According to the AP, 67 million registrations mostly from Republican-led states have been run through the U.S. Department of Homeland Security’s verification program and tens of thousands of non-citizens and people who have died have been flagged.

Critics said the percentage of non-citizens and deceased individuals is a small fraction of registered voters.

As the Trump administration moves to federalize certain election functions, several states including Colorado have sued to block the administration from gaining access to voter information, citing the U.S. Constitution granting states the right to run elections.

“We know that the Trump administration is doing everything it can to try to assemble essentially a database of all U.S. voters. The desire is to create new restrictive ID requirements that millions of Americans who are eligible voters do not have,” said Aly Belknap, executive director of Colorado Common Cause.

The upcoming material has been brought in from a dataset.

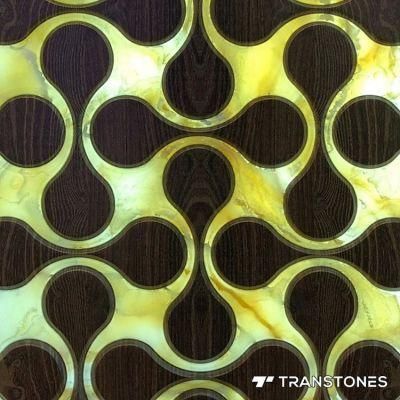 Translucent Resin Panels Decorated Alabaster Stone for Table Top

Colorado Common Cause is a nonpartisan nonprofit that describes itself as pro-democracy.

“His mail executive order is really designed around putting the federal government in control of who can and can't receive a mail ballot based on requirements set by the federal government that currently don't apply to voters, so that's where we'll see millions and millions of Americans, if this is implemented, lacking the ID that they need to vote after having been voters for decades,” Belknap said.

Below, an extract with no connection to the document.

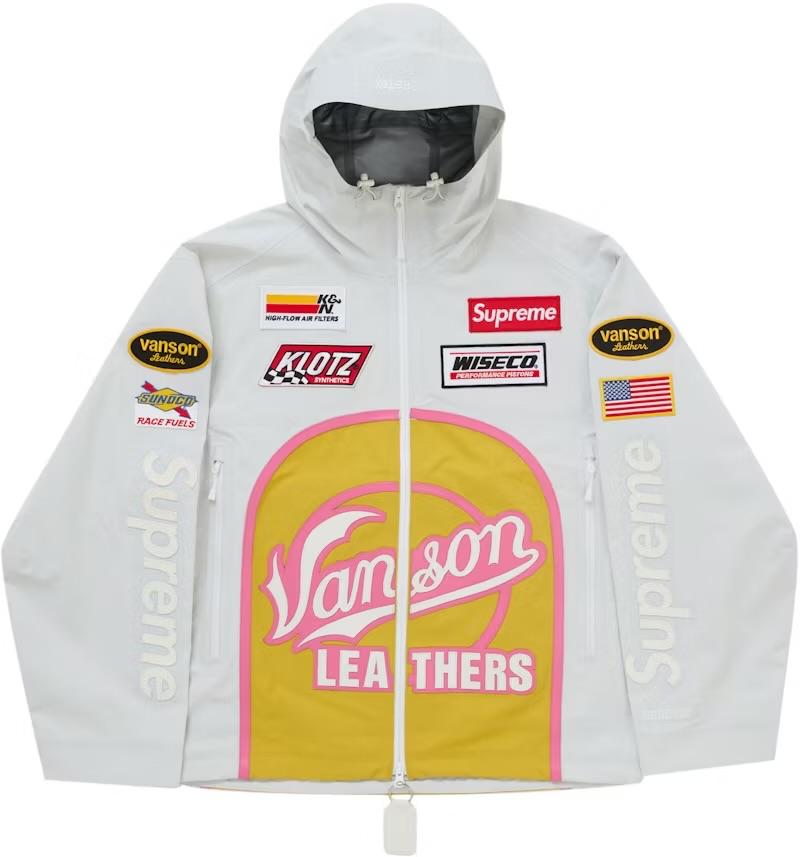 Supreme Vanson Leathers Race Jacket Wit, Ophalen of Verzenden, Zo goed als nieuw, Maat 52/54 (L), Wit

Belknap said the Trump administration will require a certified copy of a birth certificate or valid U.S. passport to vote.

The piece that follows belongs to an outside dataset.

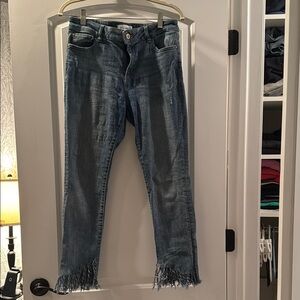 Women's DL 1961 Blue Frayed Hem Jeans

“When I'm thinking about the people in my life, I'm thinking about my 65-year-old father, he's been voting for a very long time, and he doesn't have either of those documents,” Belknap said.

Denver Clerk and Recorder Paul López said federal involvement in elections is unnecessary and violates the constitution.

“We already have identification that's required for folks to be able to register to vote, to participate in elections,” Lopez said. “The last, you know, couple of presidential elections we've had have been the most secure elections in U.S. history. It is secure, it's safe.”

López said the federal government’s verification process is confusing voters.

“Who runs elections and who determines the outcome of elections — that's up to the states and the people, that's not up to the president. That's not up to the federal government. That's the way it always has been. That's the way that the constitutional framers intended it to be,” López said.

A new Ohio law requires local election boards to “promptly” cancel the registrations of people whom the secretary of state identifies as non-citizens during registration checks that the official is required to make at least monthly.

Ohio Secretary of State Frank LaRose, a Republican, said in an email that people’s voting rights are not in danger because “all they need to do to immediately restore their registration status is show proof of citizenship.”